We are grateful to the reviewer for taking a serious interest in our manuscript and providing very constructive criticisms. We would like to respond to the specific comments mentioning the modifications done in the revised version.

 

Q1.  It is important to define key major concepts from the beginning of the review so that it becomes easy to follow. What is exosome, how are they involved in health and disease stage? What is redox imbalance, redox-active and inactive, oxidative stress and how are they associated with Alzheimer’s disease.

R1. We thank the reviewer for the very pertinent and useful suggestion. The key concepts of redox imbalance, oxidative stress, redox-active and inactive metals have been developed in the revised version with substantial additions in the text with multiple references (section 2). The relationship of oxidative stress, metal dyshomeostasis, Aβ-metal interactions and others with AD pathogenesis have been clearly stated in the revised version (section 2 and subsections  2.5, 2.6).  Multiple references have been added. The biogenesis of exosomes, their transport and other related information have been provided (section 3).

 

Q2. The authors mentioned that fascinating observation on the interactions of oxidative stress and exosomes are being reported without mentioning the observation.

R2. Corrected in the revised version.  

 

Q3. The authors mentioned that extensively studies about oxidative stress and A beta without providing and or describing these findings but only gave one reference.
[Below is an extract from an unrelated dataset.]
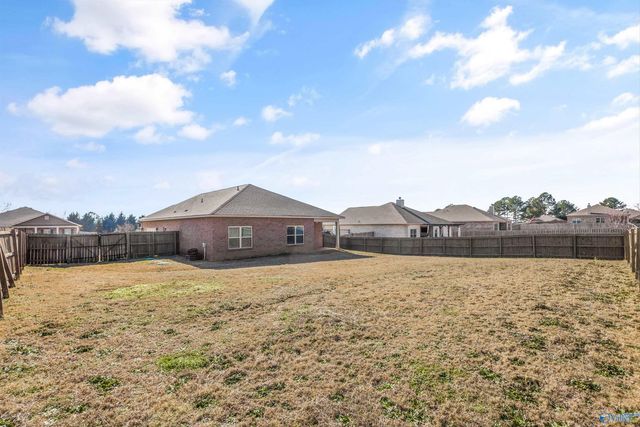 276 Dinner Tree Square, Huntsville, AL 35811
How is this extensive?

R3. We have added now 6 references (6,50, 51,52,53,54) to support this point in the revised version in subsection 2.2. We thank the reviewer for a careful scrutiny.

 

Q4. How is the binding of metals and A beta facilitate redox-cycling activities?
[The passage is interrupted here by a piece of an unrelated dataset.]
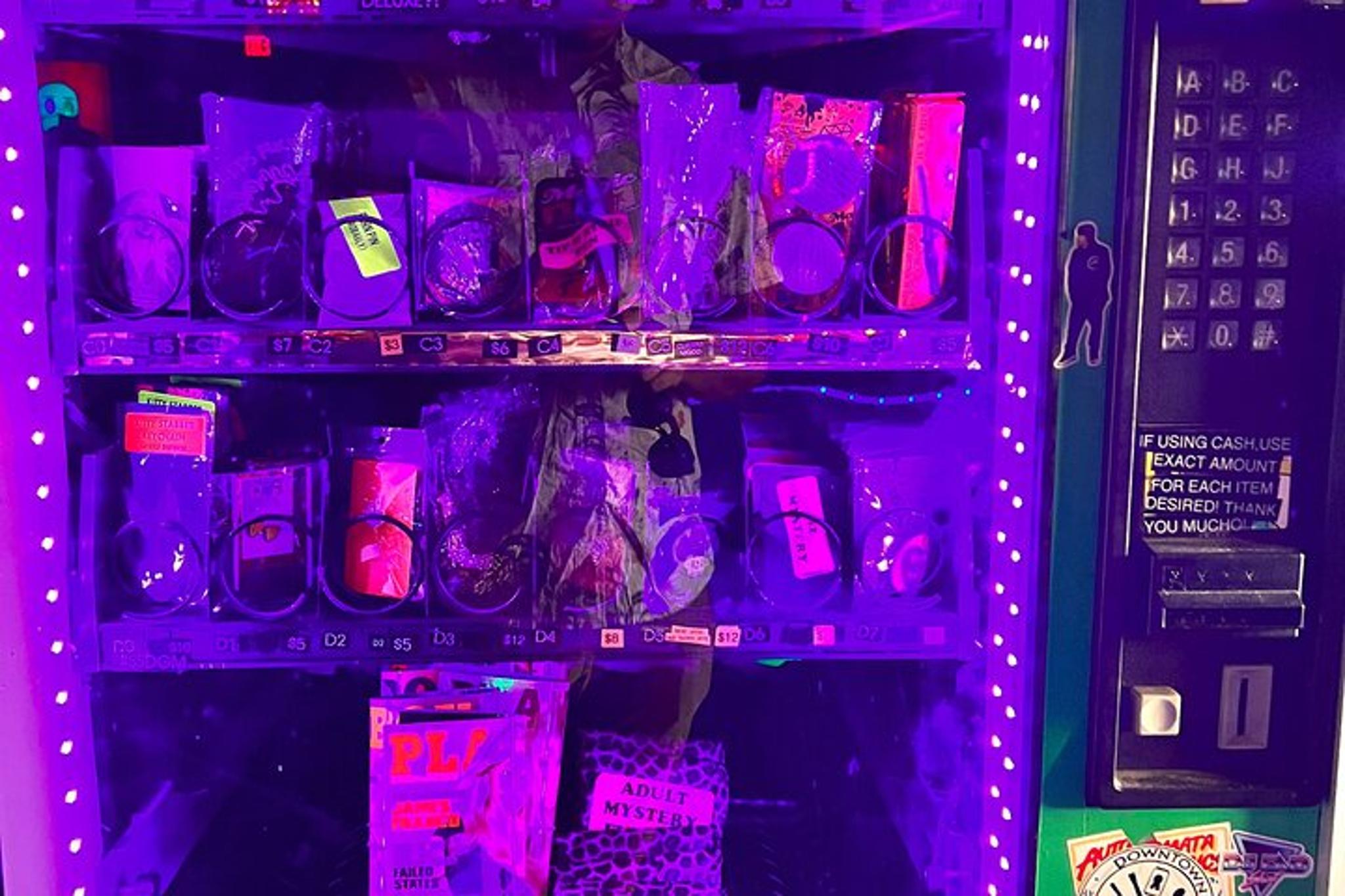 Las Vegas Bar Crawl Off The Beaten Path 2 hr - Image 5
R4. We have explained this point in the revised version with references (subsection 2.5).

 

Q5. The authors mentioned that the hypothesis is supported by scattered experimental evidence showing an antioxidant and protective role of A beta. What is the source no reference provided?

R5. We thank the reviewer for pointing out an error. We have added an important reference (58) in this context. Moreover, the references 59 and 60 also highlight this point (subsection 2.2). The reference 60 is a review that cites multiple experimental studies indicating the antioxidative role of Aβ.

 

Q6. Figure 2 legend additional description of the events leading to AD pathology.

R6. The additional description has been provided in Fig.2 legend.

Round 2

Reviewer 1 Report

The authors put an effort in revising their manuscript and addressing issues raised previously. The paper was improved.

 

Nothing particular.

Reviewer 4 Report

The authors have addressed all my major concerns on their manuscript.

The authors have addressed all my major concerns on their manuscript.